This makes sub-parsers hard to reuse. Next, we will see how to *compose* mini-parsers for sub-values to get bigger parsers for complex values.

To do so, we will generalize the above parser type a little bit, by noting that a (sub-)parser need not (indeed, will not) consume *all* of its input, and so we can simply have the parser return the unconsumed input

`type Parser = String -> (StructuredObject, String) `

Of course, it would be silly to have different types for parsers for different kinds of objects, and so we can make it a parameterized type.

`type Parser a = String -> (a, String) `

One last generalization: the parser could return multiple results, for example, we may want to parse the string

`"2 + 3 + 4"`

either as

`Plus (Plus 2 3) 4`

or as

`Plus 2 (Plus 3 4)`

So, we can have our parsers return a *list* of possible results, where the empty list corresponds to a failure to parse.

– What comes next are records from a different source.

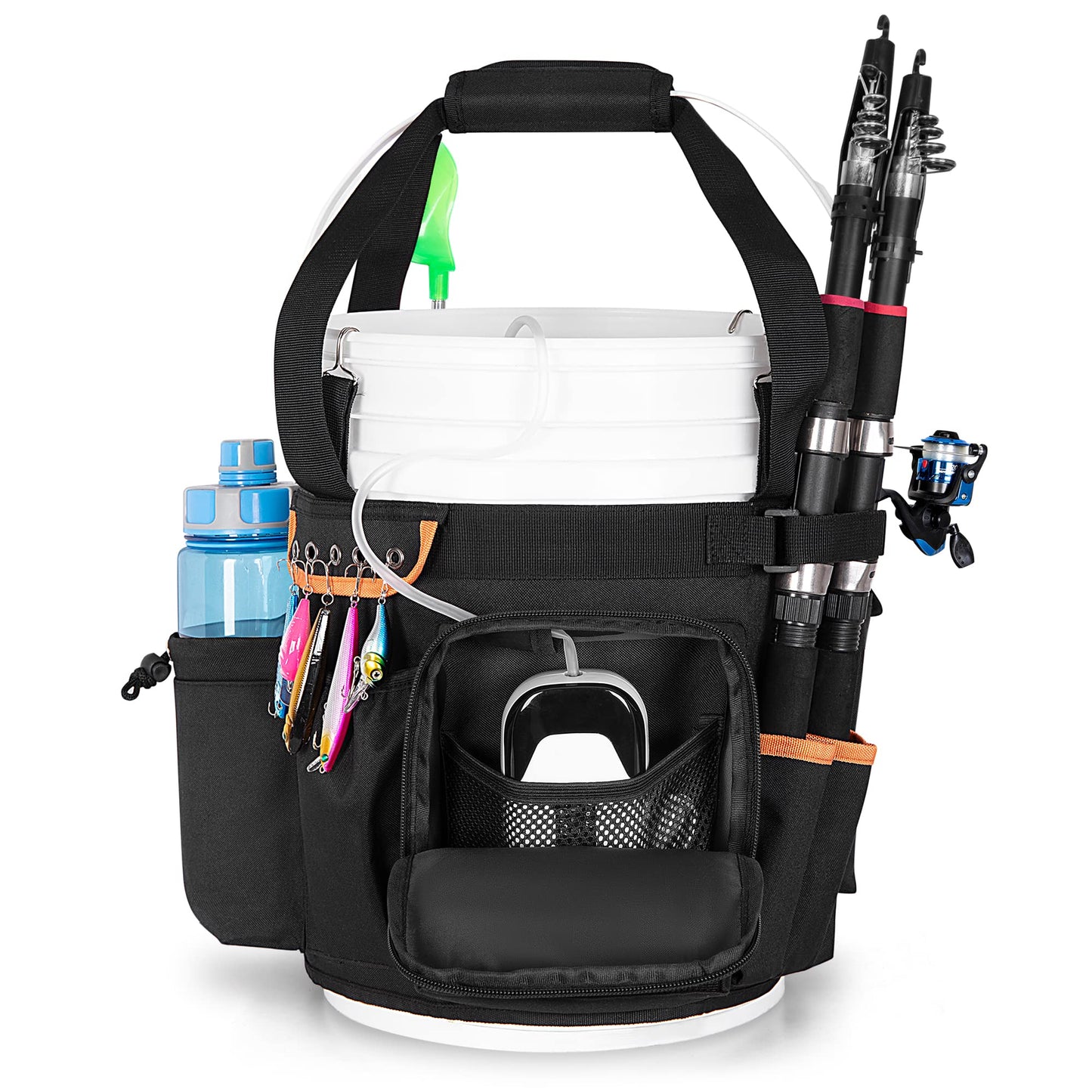 GOBUROS Fishing Bucket Organizer for 5 Gallon Bucket with Adjustable Buckle, Rod and Plier Holder and Multi-Pockets for Fishing Gear (Bucket not Included)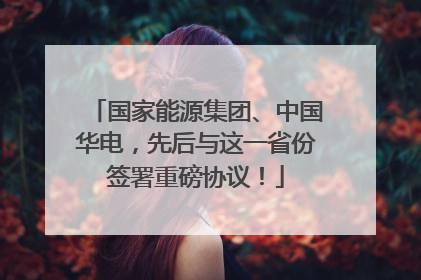 国家能源集团、中国华电，先后与这一省份签署重磅协议！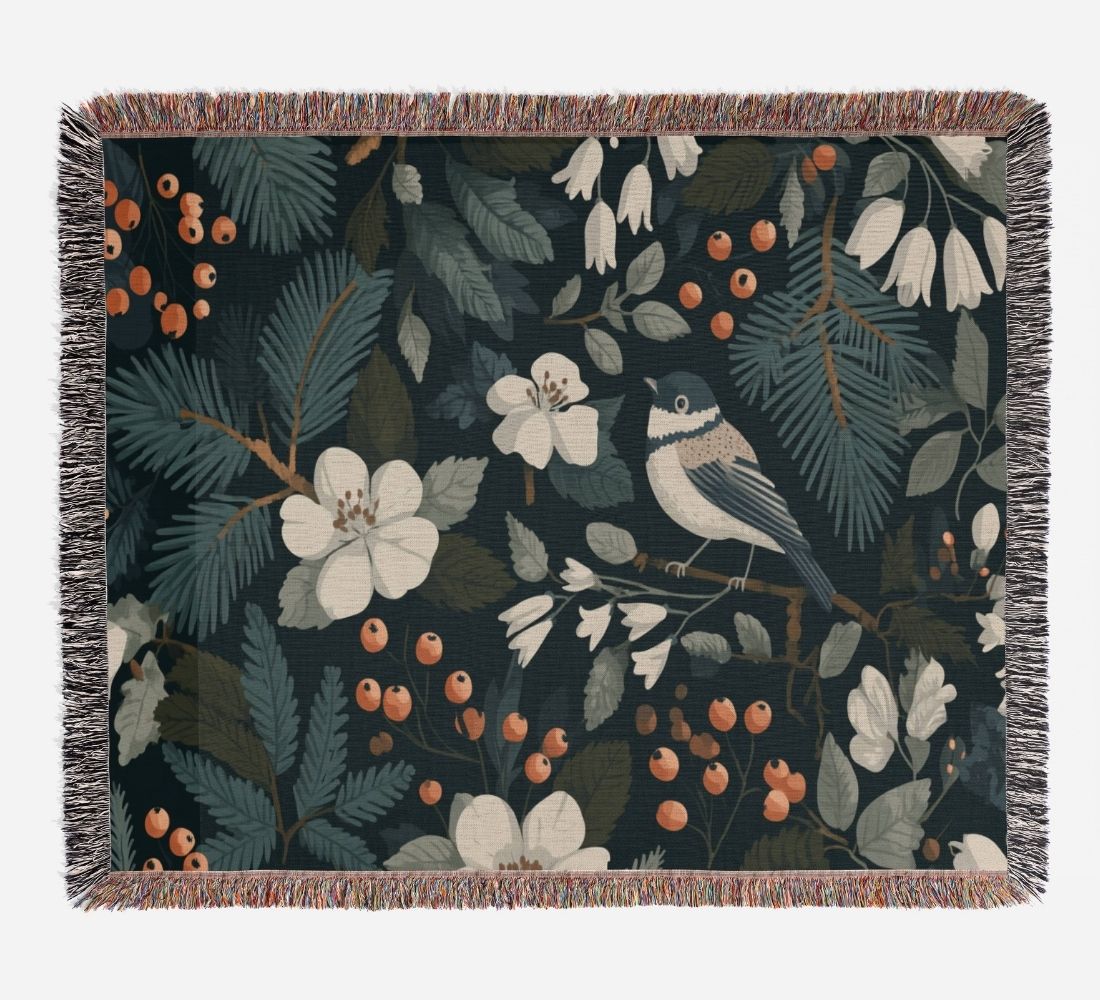 Nordic Bird Woven Blanket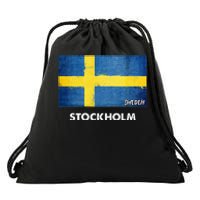 Stockholm Sweden Flag Stockholm Drawstring Bag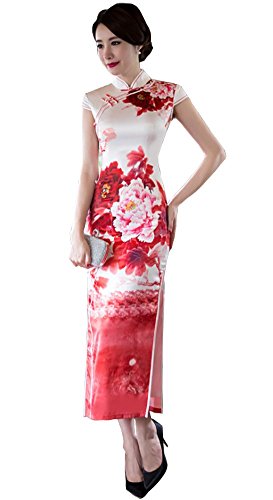 Angcoco Women's Cap Sleeve Imitated Silk Cheongsam Dress China Qipao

`type Parser a = String -> [(a, String)]`

As the last step, we will wrap this type definition up in a `newtype`

, which is like a datatype that has only one constructor. This will make sure that we keep parsers distinct from other values of this type (and will allow us to make class instances).

`newtype Parser a = P (String -> [(a, String)])`

The above is simply the parser, which we will build up compositionally. The actual parsing is done when we use the parser and apply it to the input stream.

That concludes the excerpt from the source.